Chicago Tribune, October 22, 1880
Capt. Joe P. Hubbard has been appointed Master of the canal tug Albatross, vice Richard Schultz, disqualified because of color blindness. Thomas McLaughlin temporarily succeeds Capt. J. M. Higgie in the command of the schooner Higgie and Jones.
Chicago Tribune, October 4, 1888
The Albatross May Have Been Lost.
Sheboygan, Mich., Oct. 3.-[Special.]-The steambarge Enterprise came in tonight and reports the loss of her consorts, the A. Muir and Albatross. The seas washed over the pilot house, some thirty feet above the
water, and carried everything before them, and she narrowly escaped foundering. The seas broke in the port gangways, and the starboard bulwarks were knocked out on both sides. The hatch-bars were displaced and the cargo is said to be damaged. Seventy tons of coal between decks were washed away through the broken sides. The Albatross has not been heard from, and is thought to be lost. The Muir is safe in Milwaukee. The Enterprise lay at the Manitous and came from there this morning and reports over fifty vessels at anchor there. She will wait orders from owner before proceeding further.

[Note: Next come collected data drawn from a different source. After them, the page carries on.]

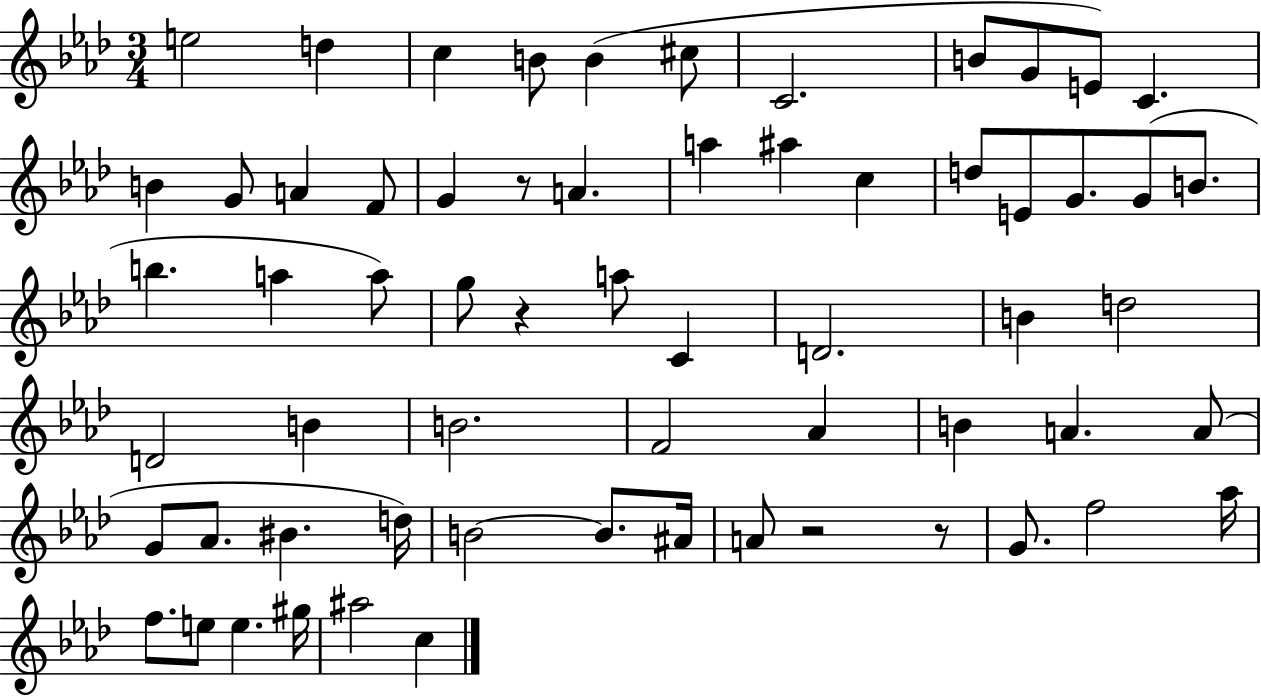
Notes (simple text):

E5/h D5/q C5/q B4/e B4/q C#5/e C4/h. B4/e G4/e E4/e C4/q. B4/q G4/e A4/q F4/e G4/q R/e A4/q. A5/q A#5/q C5/q D5/e E4/e G4/e. G4/e B4/e. B5/q. A5/q A5/e G5/e R/q A5/e C4/q D4/h. B4/q D5/h D4/h B4/q B4/h. F4/h Ab4/q B4/q A4/q. A4/e G4/e Ab4/e. BIS4/q. D5/s B4/h B4/e. A#4/s A4/e R/h R/e G4/e. F5/h Ab5/s F5/e. E5/e E5/q. G#5/s A#5/h C5/q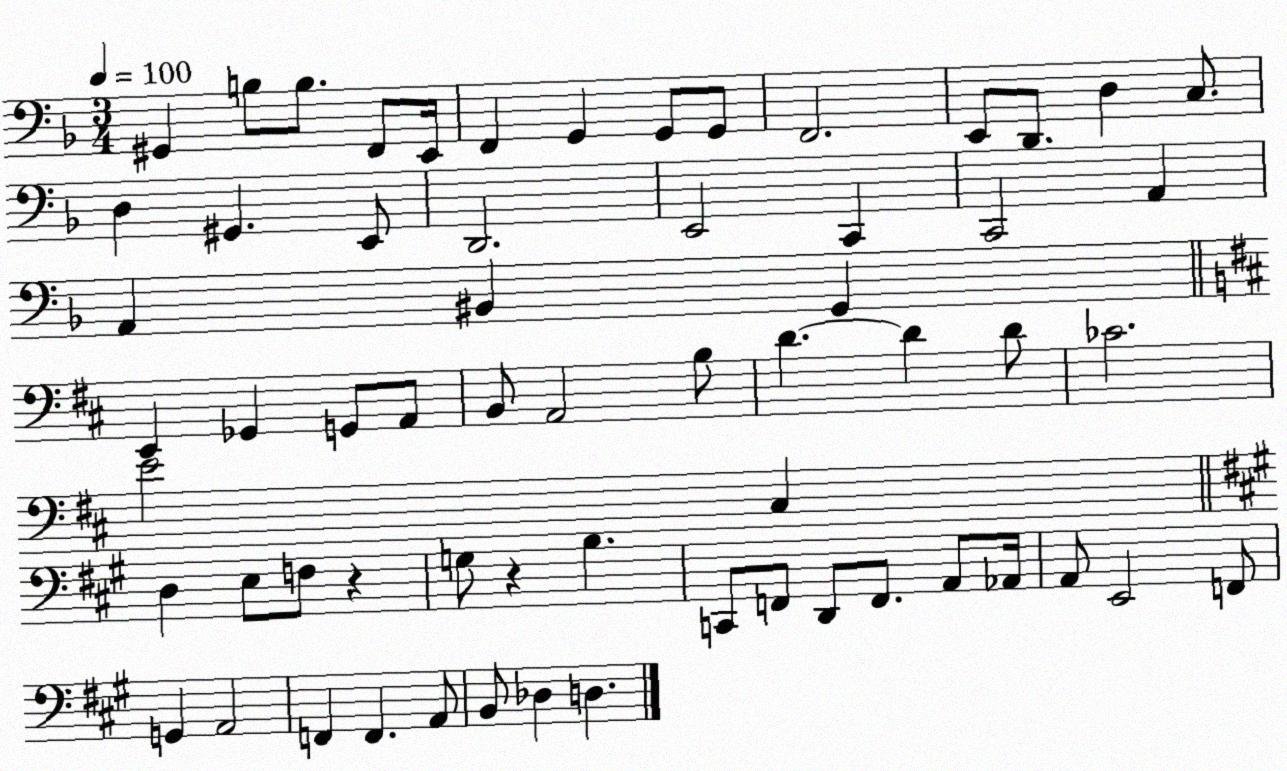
X:1
T:Untitled
M:3/4
L:1/4
K:F
^G,, B,/2 B,/2 F,,/2 E,,/4 F,, G,, G,,/2 G,,/2 F,,2 E,,/2 D,,/2 D, C,/2 D, ^G,, E,,/2 D,,2 E,,2 C,, C,,2 A,, A,, ^B,, G,, E,, _G,, G,,/2 A,,/2 B,,/2 A,,2 B,/2 D D D/2 _C2 E2 ^C, D, E,/2 F,/2 z G,/2 z B, C,,/2 F,,/2 D,,/2 F,,/2 A,,/2 _A,,/4 A,,/2 E,,2 F,,/2 G,, A,,2 F,, F,, A,,/2 B,,/2 _D, D,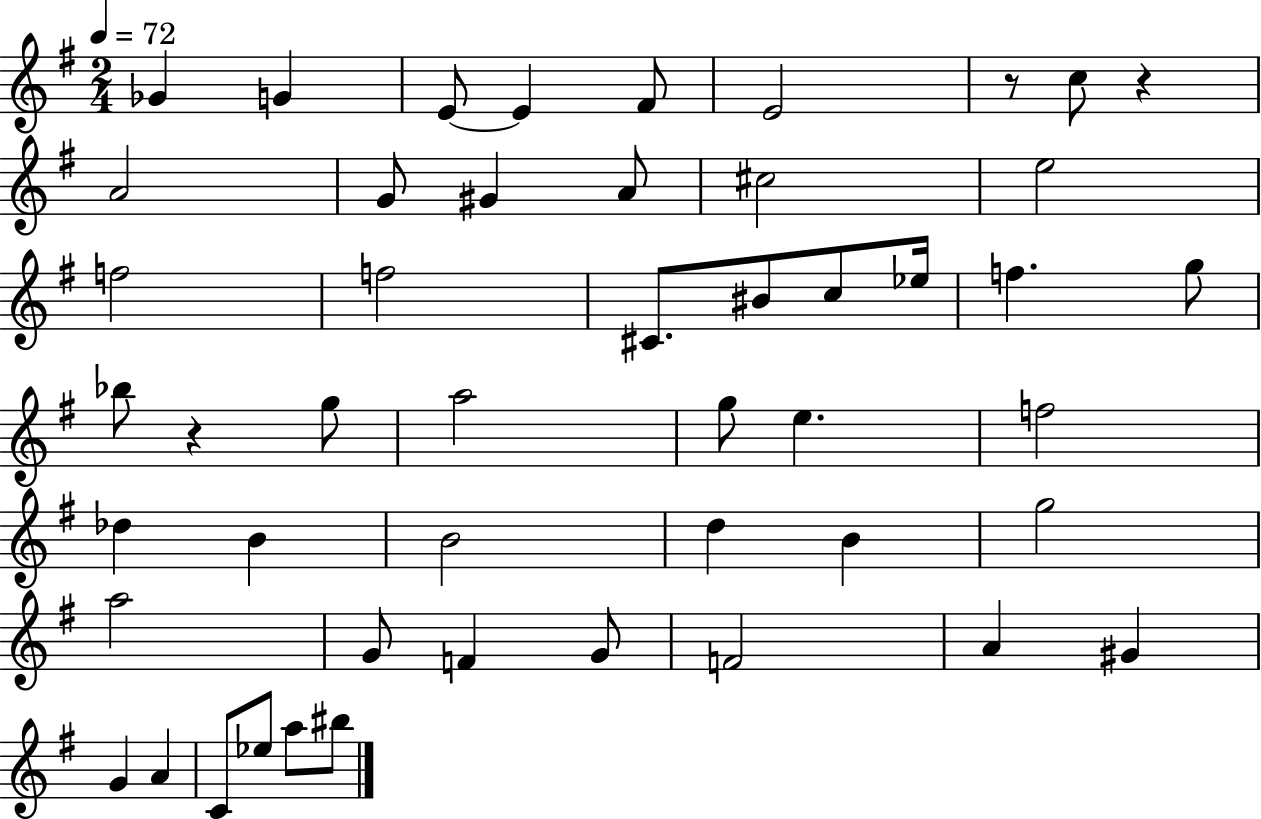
{
  \clef treble
  \numericTimeSignature
  \time 2/4
  \key g \major
  \tempo 4 = 72
  ges'4 g'4 | e'8~~ e'4 fis'8 | e'2 | r8 c''8 r4 | \break a'2 | g'8 gis'4 a'8 | cis''2 | e''2 | \break f''2 | f''2 | cis'8. bis'8 c''8 ees''16 | f''4. g''8 | \break bes''8 r4 g''8 | a''2 | g''8 e''4. | f''2 | \break des''4 b'4 | b'2 | d''4 b'4 | g''2 | \break a''2 | g'8 f'4 g'8 | f'2 | a'4 gis'4 | \break g'4 a'4 | c'8 ees''8 a''8 bis''8 | \bar "|."
}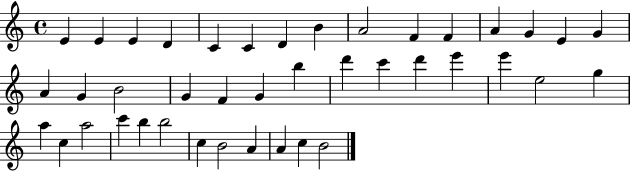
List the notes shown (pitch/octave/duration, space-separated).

E4/q E4/q E4/q D4/q C4/q C4/q D4/q B4/q A4/h F4/q F4/q A4/q G4/q E4/q G4/q A4/q G4/q B4/h G4/q F4/q G4/q B5/q D6/q C6/q D6/q E6/q E6/q E5/h G5/q A5/q C5/q A5/h C6/q B5/q B5/h C5/q B4/h A4/q A4/q C5/q B4/h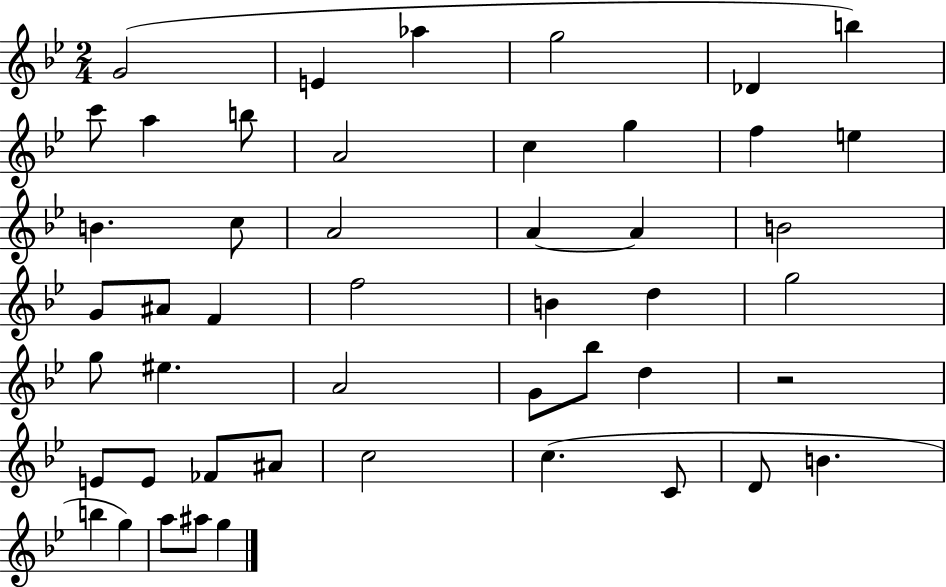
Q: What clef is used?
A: treble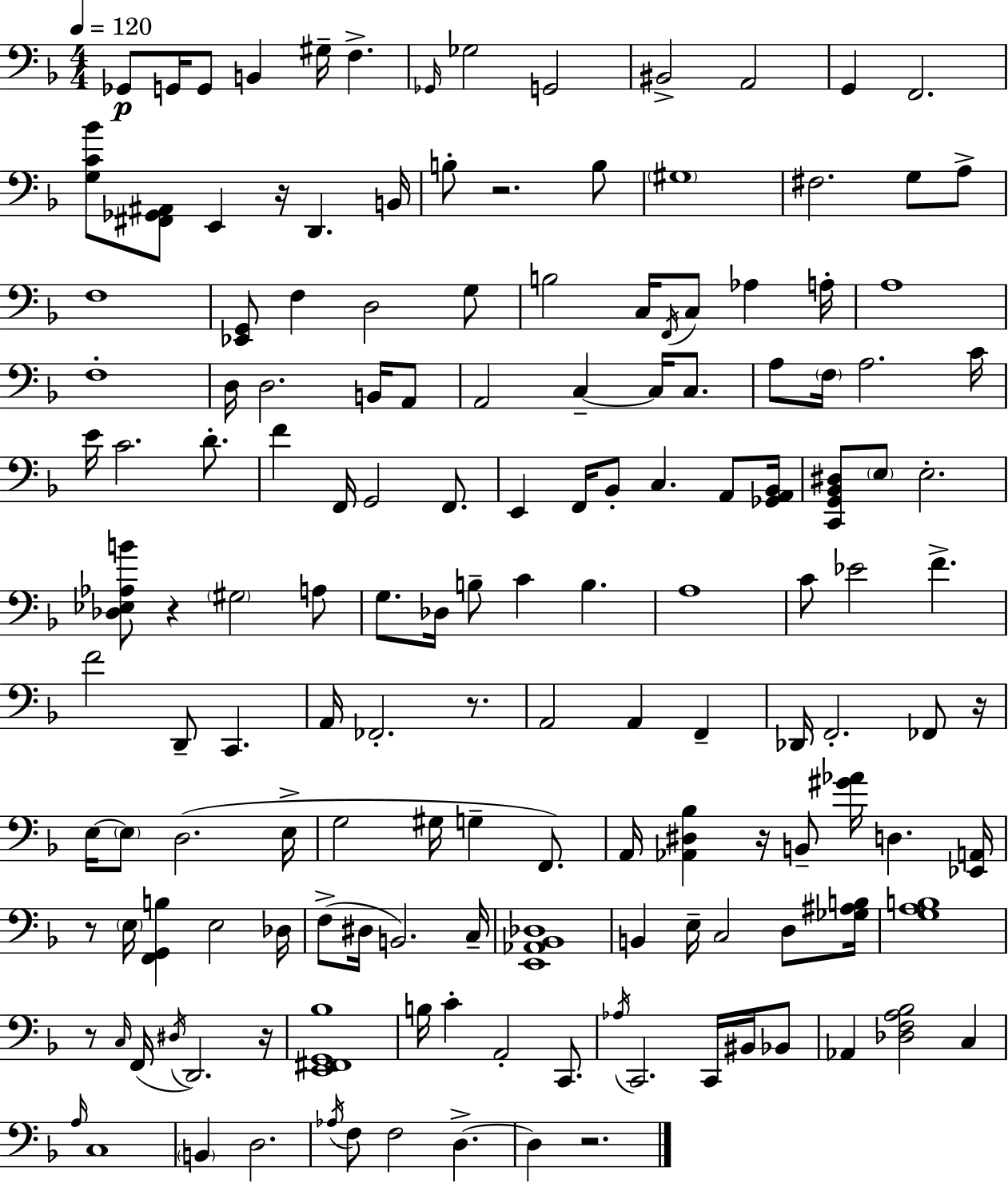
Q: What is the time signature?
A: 4/4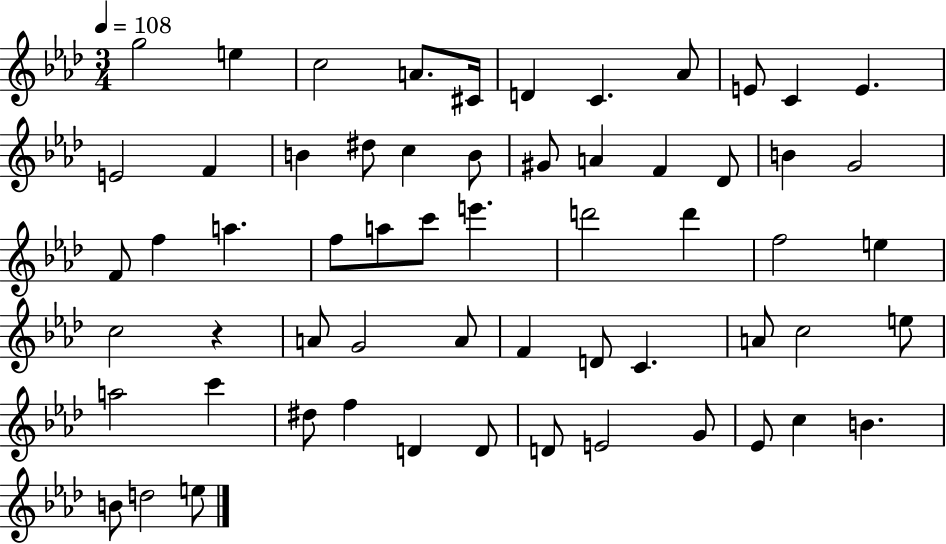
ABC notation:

X:1
T:Untitled
M:3/4
L:1/4
K:Ab
g2 e c2 A/2 ^C/4 D C _A/2 E/2 C E E2 F B ^d/2 c B/2 ^G/2 A F _D/2 B G2 F/2 f a f/2 a/2 c'/2 e' d'2 d' f2 e c2 z A/2 G2 A/2 F D/2 C A/2 c2 e/2 a2 c' ^d/2 f D D/2 D/2 E2 G/2 _E/2 c B B/2 d2 e/2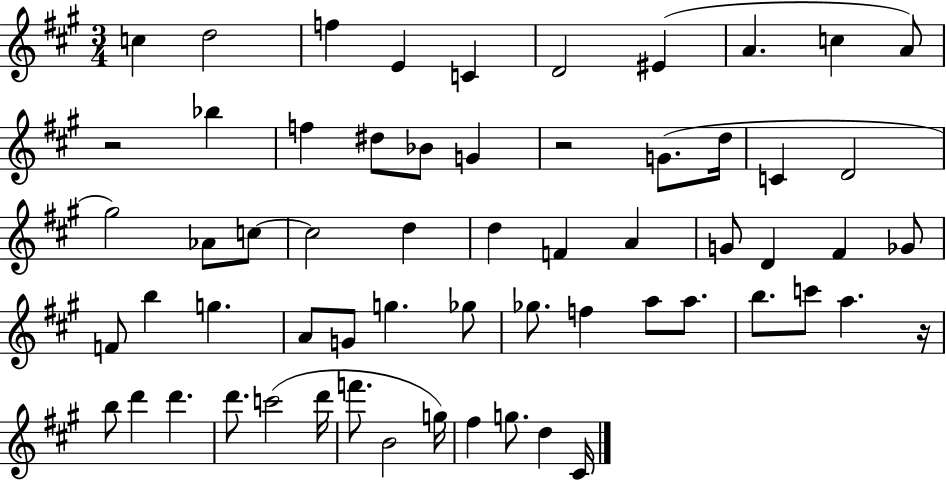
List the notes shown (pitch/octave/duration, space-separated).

C5/q D5/h F5/q E4/q C4/q D4/h EIS4/q A4/q. C5/q A4/e R/h Bb5/q F5/q D#5/e Bb4/e G4/q R/h G4/e. D5/s C4/q D4/h G#5/h Ab4/e C5/e C5/h D5/q D5/q F4/q A4/q G4/e D4/q F#4/q Gb4/e F4/e B5/q G5/q. A4/e G4/e G5/q. Gb5/e Gb5/e. F5/q A5/e A5/e. B5/e. C6/e A5/q. R/s B5/e D6/q D6/q. D6/e. C6/h D6/s F6/e. B4/h G5/s F#5/q G5/e. D5/q C#4/s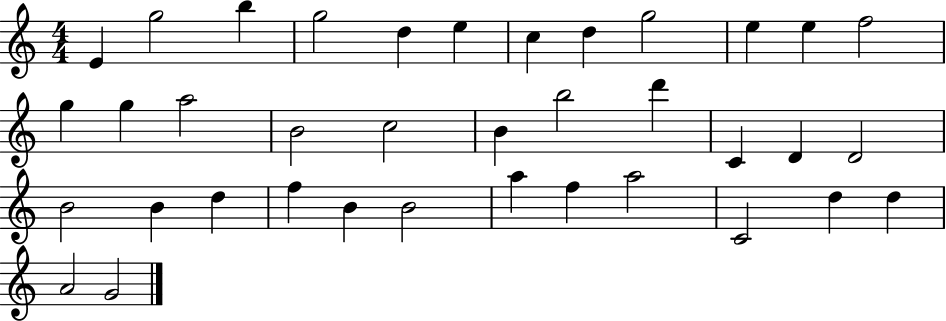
{
  \clef treble
  \numericTimeSignature
  \time 4/4
  \key c \major
  e'4 g''2 b''4 | g''2 d''4 e''4 | c''4 d''4 g''2 | e''4 e''4 f''2 | \break g''4 g''4 a''2 | b'2 c''2 | b'4 b''2 d'''4 | c'4 d'4 d'2 | \break b'2 b'4 d''4 | f''4 b'4 b'2 | a''4 f''4 a''2 | c'2 d''4 d''4 | \break a'2 g'2 | \bar "|."
}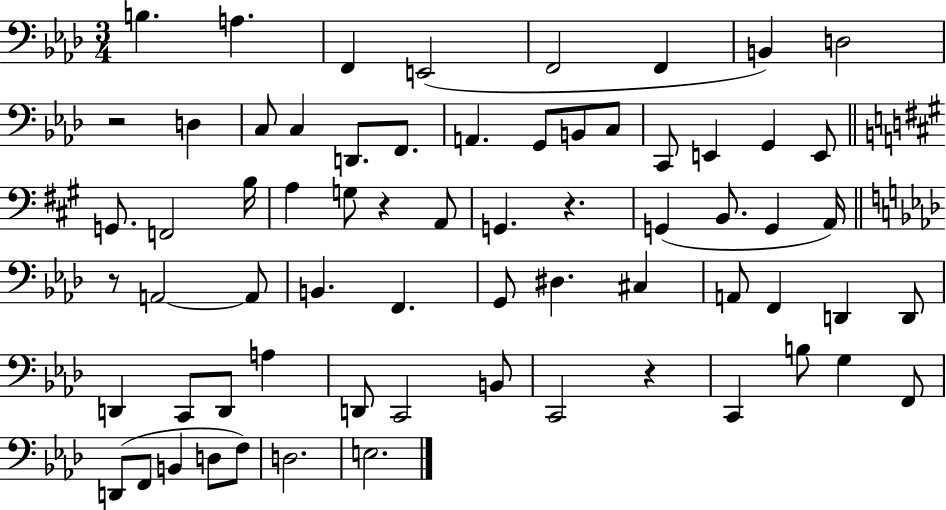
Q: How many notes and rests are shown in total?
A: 67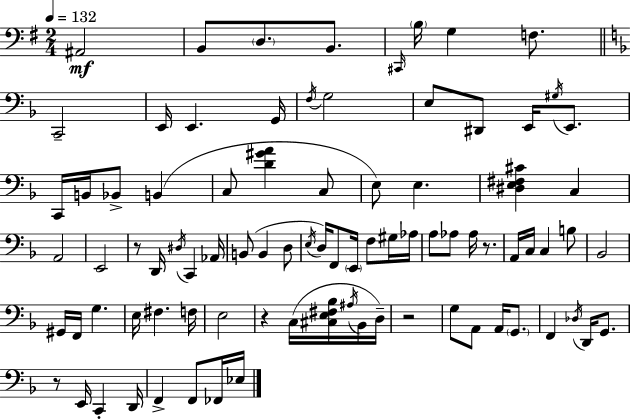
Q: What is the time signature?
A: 2/4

Chicago Tribune, October 9, 1888
Bad Luck Following the Enterprise.
Sheboygan, Mich.. Oct. 8.-[Special.]-The steam-barge Enterprise, which lost her tow last week on Lake Michigan, left here Friday night to meet the Albatross coming down under sail to tow her and the Muir, which was coming here in tow of the tug Welcome, stranded on North Manitou with the Albatross early Sunday morning and jettisoned between 4,000 and 5,000 bushels of corn to save herself from going to pieces. She succeeded in getting off with some damage to her bottom. The Albatross also stranded, but was pulled off.
The Enterprise arrived here this morning, picked up her barges in the harbor, and after coaling left about noon for Kingston. The Enterprise’s cargo was 26,000 bushels of corn consigned by Robert Warren & Co. of Chicago to Kingston on through shipment to Montreal.
Green Bay State Gazette, August 6, 1890
The tug Albatross, of Two Rivers, came in here on Tuesday for the purpose of wooding up. She was on her way home from Garret Bay, near Death’s Door, where she spent several days assisting the tug Temple Emery, also of Two Rivers, in making up a raft of logs for the Two Rivers Manufacturing company. The Emery started with the raft for Two Rivers on Monday, and at last accounts had not yet arrived there. The raft is said to be one of the largest ever towed on the lake and scaled about one and a half million feet. As the logs average about fifteen to the thousand the size of the raft can easily be determined. The logs are all pine and basswood and were purchased near Death’s Door.
Last enrollment, PE 25, issued at Milwaukee, WI, on August 31, 1887, surrendered there on August 24, 1894, and endorsed “abandoned.”